The narrators are Larch, one of the heroes of The Great Transition, whose work building barriers to save New York City and fighting forest fires was documented for reality television. His wife, Kristina, was a climate refugee with her family, forced into internment camps where they were abused by racist guards and underfed and ill-housed. Those who were willing to do the most dangerous and difficult reclamation and forest-fighting work were allowed to work for their release. Their work brought the two of them together fighting fires in the Yosemite area where they fell in love.

In the later timeline, they live in Nuuk, Greenland. Their daughter Emi is in high school, Larch is chef for a sports team, and Kristina still volunteers annually to spend time on extraction duty, going to the devastated areas to extract energy and salvage what they can of the environment. While Kristina is gone for extraction, Larch and Emi attend the Great Transition celebration, an event Kristina opposed ideologically. Kristina calls Larch and tells them to leave, immediately. Before they can, a bomb explodes. Across the world, the authors of climate destruction are being assassinated. How did Kristina know?

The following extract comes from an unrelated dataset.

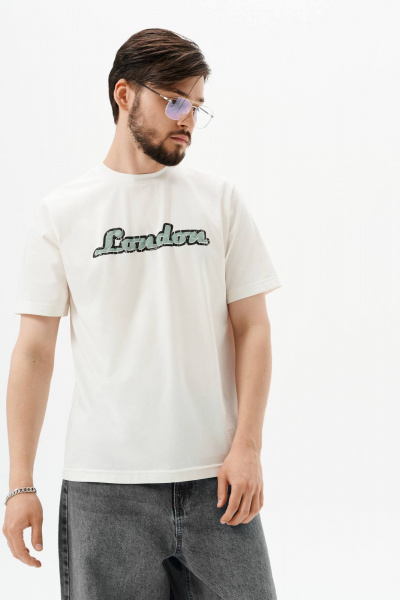 Футболка 10DENCY 92010 молочный/зеленый - фото 3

While never articulating their suspicions, Larch and Emi search for Kristina who is not answering her screen (cell phone) and mysterious people are looking for her. They head to New York City, a largely depopulated city that is a central extraction area.

The Great Transition is the kind of hopeful climate fiction we need today. So many climate activists present the climate crisis as an extinction event, prompting despair and a nihilistic acceptance of what’s to come. It’s also unlikely. What is more likely is the future of The Great Transition where many die in weather events triggered by climate change or of privation in refugee camps. A significant remnant of people remain to build a new society in the higher latitudes. In this future, people embrace a more egalitarian communitarian society though many of the climate criminals remain alive and trying to claw back into power. It could have easily gone toward an authoritarian oligarchy, a possibility averted in a confrontation in New York City during the reclamation efforts.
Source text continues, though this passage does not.